FeatureRetrieval Function

FeatureRetrieval is a Faiss-based NPU heterogeneous retrieval acceleration framework, providing high-performance retrieval for massive data in high-dimensional space. It is developed based on the TBE operator and the C++ language that is consistent with Faiss and supports ARM and x86_64 platforms. FeatureRetrieval supports two types of retrieval libraries: small library retrieval for exact search and large library retrieval for inexact search. A small library contains 300,000 to 1,000,000 records, while a large library contains tens of millions or even hundreds of millions of records and supports feature vectors with 64 dimensions to 512 dimensions.

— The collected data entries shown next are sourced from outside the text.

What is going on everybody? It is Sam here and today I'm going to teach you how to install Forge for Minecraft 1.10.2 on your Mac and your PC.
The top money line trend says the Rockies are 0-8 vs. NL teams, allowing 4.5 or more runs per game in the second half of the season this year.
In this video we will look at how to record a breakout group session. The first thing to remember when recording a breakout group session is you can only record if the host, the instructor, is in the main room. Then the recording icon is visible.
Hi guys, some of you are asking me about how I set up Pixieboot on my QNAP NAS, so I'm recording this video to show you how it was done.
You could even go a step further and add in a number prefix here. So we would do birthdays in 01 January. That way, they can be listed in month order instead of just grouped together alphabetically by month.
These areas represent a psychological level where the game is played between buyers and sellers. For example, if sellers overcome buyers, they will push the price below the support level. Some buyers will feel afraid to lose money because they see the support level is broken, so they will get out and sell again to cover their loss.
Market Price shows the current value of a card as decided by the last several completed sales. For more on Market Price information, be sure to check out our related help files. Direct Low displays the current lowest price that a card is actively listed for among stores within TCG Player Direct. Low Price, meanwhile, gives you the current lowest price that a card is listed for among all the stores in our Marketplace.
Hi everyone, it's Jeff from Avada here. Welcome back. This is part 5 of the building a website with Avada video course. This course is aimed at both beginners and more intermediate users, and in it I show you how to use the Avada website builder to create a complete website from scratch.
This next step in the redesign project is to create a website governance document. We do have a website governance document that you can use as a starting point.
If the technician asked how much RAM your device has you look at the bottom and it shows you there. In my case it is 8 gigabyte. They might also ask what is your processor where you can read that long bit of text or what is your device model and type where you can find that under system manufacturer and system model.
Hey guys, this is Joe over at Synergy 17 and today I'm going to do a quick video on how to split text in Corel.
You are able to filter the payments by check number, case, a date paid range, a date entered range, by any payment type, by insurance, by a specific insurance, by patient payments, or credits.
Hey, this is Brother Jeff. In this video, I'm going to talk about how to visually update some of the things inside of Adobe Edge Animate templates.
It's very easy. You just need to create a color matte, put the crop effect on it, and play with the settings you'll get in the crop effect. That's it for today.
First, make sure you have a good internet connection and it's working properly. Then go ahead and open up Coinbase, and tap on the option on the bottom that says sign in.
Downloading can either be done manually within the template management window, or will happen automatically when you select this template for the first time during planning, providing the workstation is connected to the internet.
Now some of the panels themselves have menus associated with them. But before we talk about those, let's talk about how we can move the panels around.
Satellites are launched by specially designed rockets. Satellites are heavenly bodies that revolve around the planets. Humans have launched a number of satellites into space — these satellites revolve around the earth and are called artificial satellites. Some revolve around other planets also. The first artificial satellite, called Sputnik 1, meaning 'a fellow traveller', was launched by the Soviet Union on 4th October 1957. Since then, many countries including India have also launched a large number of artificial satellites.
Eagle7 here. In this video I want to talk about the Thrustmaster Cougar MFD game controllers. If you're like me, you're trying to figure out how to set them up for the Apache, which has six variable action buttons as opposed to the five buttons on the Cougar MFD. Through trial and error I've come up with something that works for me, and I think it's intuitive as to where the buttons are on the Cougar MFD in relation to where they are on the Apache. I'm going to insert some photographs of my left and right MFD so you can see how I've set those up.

  • For the small library retrieval, brute-force search algorithms such as Flat, SQ, and INT8 are used to search for all feature vectors in the base library and return the search result.
    • The INT8 algorithm performs brute-force search based on feature quantization, which also refers to int8flat in this document (for example, int8flat_generate_model.py).
    • The SQ algorithm uses an 8-bit integer for quantization, which also refers to SQ8 in this document (for example, sq8_generate_model.py). For details about proper data types, see Table 1.
  • For the large library retrieval, the IVF-based algorithms, such as IVFPQ, IVFSQ, and IVFINT8, are implemented on the Ascend platform based on the Faiss framework. Different from the conventional inverted index, the IVF-based algorithms perform feature clustering and then reduce the retrieval scale using cluster centroids, improving performance at the cost of accuracy.

The low level of each algorithm is implemented by the TBE operator accelerated by the Ascend platform.

Table 1 Data types of Flat, SQ, and INT8 algorithms

Algorithm

Source Data Type

Result Data Type

Flat

float32

float32

SQ

float32

float32

INT8

int8

int32